- _About this task_
Print the lines below from the line with "Giacca Solare Unisex" to the line with "imageCOOFANDY Mens Floral" exactly, keeping both ends, and print no pictures.
Records supplied START
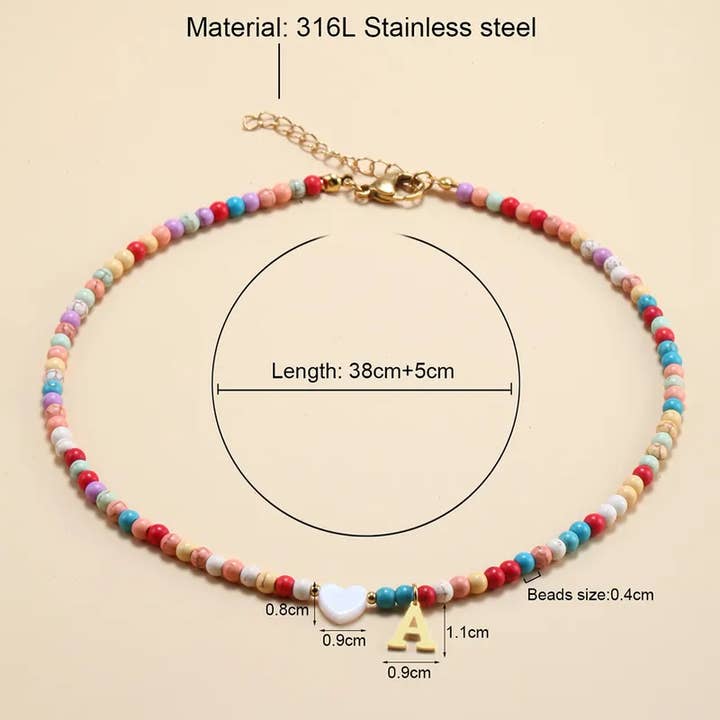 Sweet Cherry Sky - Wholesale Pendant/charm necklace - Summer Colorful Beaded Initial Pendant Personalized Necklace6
Records supplied END
Records supplied START
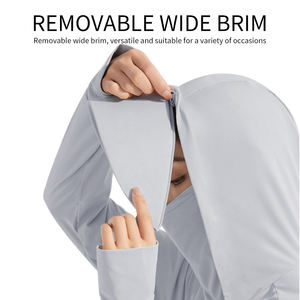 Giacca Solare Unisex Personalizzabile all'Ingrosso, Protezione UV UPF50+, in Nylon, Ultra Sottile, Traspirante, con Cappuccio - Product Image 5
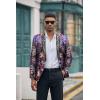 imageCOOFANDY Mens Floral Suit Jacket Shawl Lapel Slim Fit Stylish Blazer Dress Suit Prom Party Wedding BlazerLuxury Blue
Records supplied END
Records supplied START
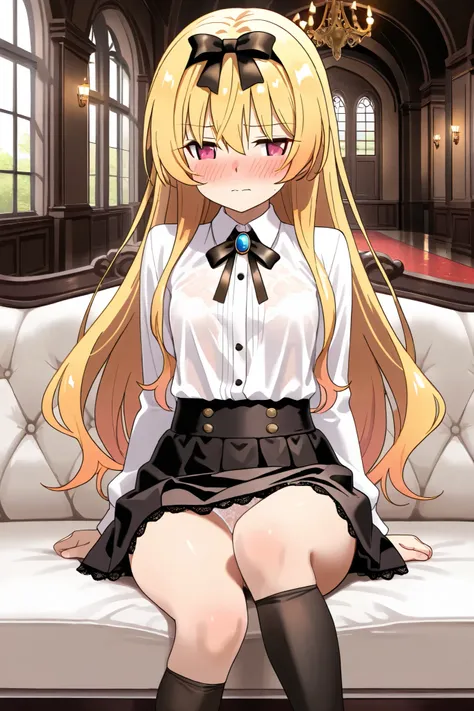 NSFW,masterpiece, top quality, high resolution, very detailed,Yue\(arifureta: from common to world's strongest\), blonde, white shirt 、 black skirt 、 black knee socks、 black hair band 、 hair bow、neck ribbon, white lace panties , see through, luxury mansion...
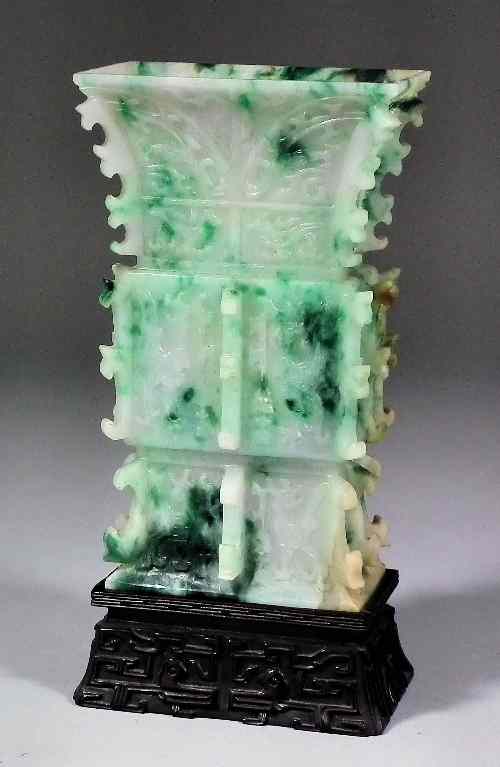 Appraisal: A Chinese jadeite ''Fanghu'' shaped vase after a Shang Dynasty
Records supplied END
- _Task solution_
 Giacca Solare Unisex Personalizzabile all'Ingrosso, Protezione UV UPF50+, in Nylon, Ultra Sottile, Traspirante, con Cappuccio - Product Image 5
 imageCOOFANDY Mens Floral Suit Jacket Shawl Lapel Slim Fit Stylish Blazer Dress Suit Prom Party Wedding BlazerLuxury Blue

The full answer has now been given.